I'm a lifelong fan but a total novice compared with Dickson, the author of 45 books, five of them on baseball, including The Dickson Baseball Dictionary (a "fandango" is a strikeout) and volumes on the subtleties of the game.
I invited Dickson to a Nats game to show me what the average fan might miss. His new book, "The Hidden Language of Baseball," describes how to spot and interpret the signs players and coaches flash during the game. The key: Watch the players, not the ball.
"TV trains us to watch the ball, but you need to see how the outfielders move around, where the infielders are positioned," Dickson says. About 1,000 signs are used over the course of a game. The shortstop and second baseman signal each other about who will cover second with a man on first. (An open mouth might be one player's signal.) Runners on second use their feet to let the batter know what they've gleaned about the next pitch; crossed feet might mean one kind of pitch, a little shuffle might mean another.
The late Yankees broadcaster Red Barber advised fans to develop their sense of baseball by focusing on a single player for an entire game; for example, watch the third baseman to see how he moves on every play, especially those on which he is not directly involved.

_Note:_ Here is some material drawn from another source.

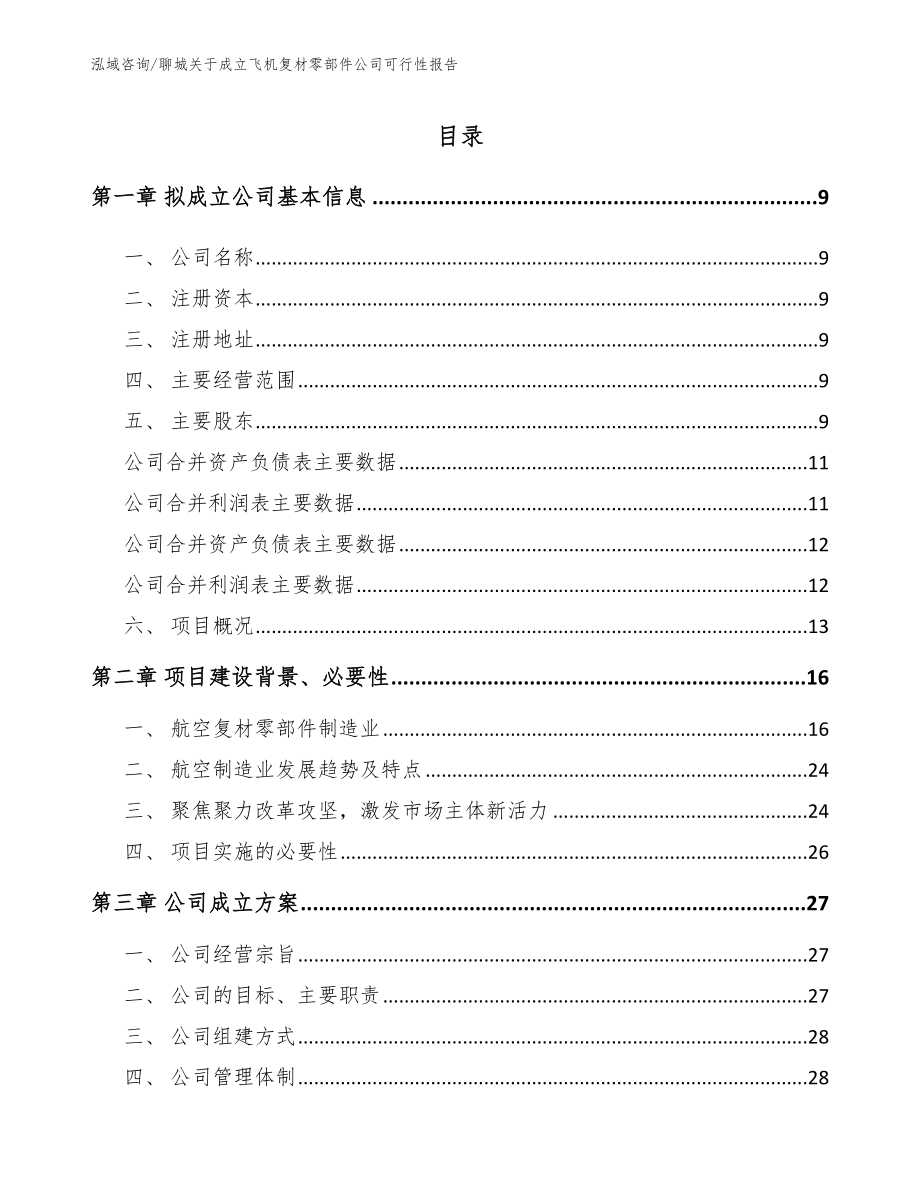 聊城关于成立飞机复材零部件公司可行性报告_第2页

Bring binoculars and you can home in on interactions between the dugout and the field. When you see the batter step out of the batter's box and knock dirt out of his cleats, that could be a sign -- either the batter has not understood his instructions, or he doesn't want to do as he's been told.
As in poker, baseball players search for "tells" -- the positioning of an elbow or a foot that gives away a pitcher's intentions about his next pitch. Ty Cobb's teammates knew that the consummate hitter licked his upper lip before attempting to steal a base.
Dickson watches for all this even as he scores the game -- the subject of another of his books. Scoring is less common at RFK than at many other parks; this is another tradition that flagged during our decades in the baseball desert. But Dickson is optimistic that the art of scoring will make a comeback: "You're writing your own libretto. It's a way of getting into the game, and it's the only true souvenir." Dickson saves his scorecards; he even occasionally scores off TV at home. At RFK, it's mostly old guys who score, but I've also seen kids and women hunched over their little boxes.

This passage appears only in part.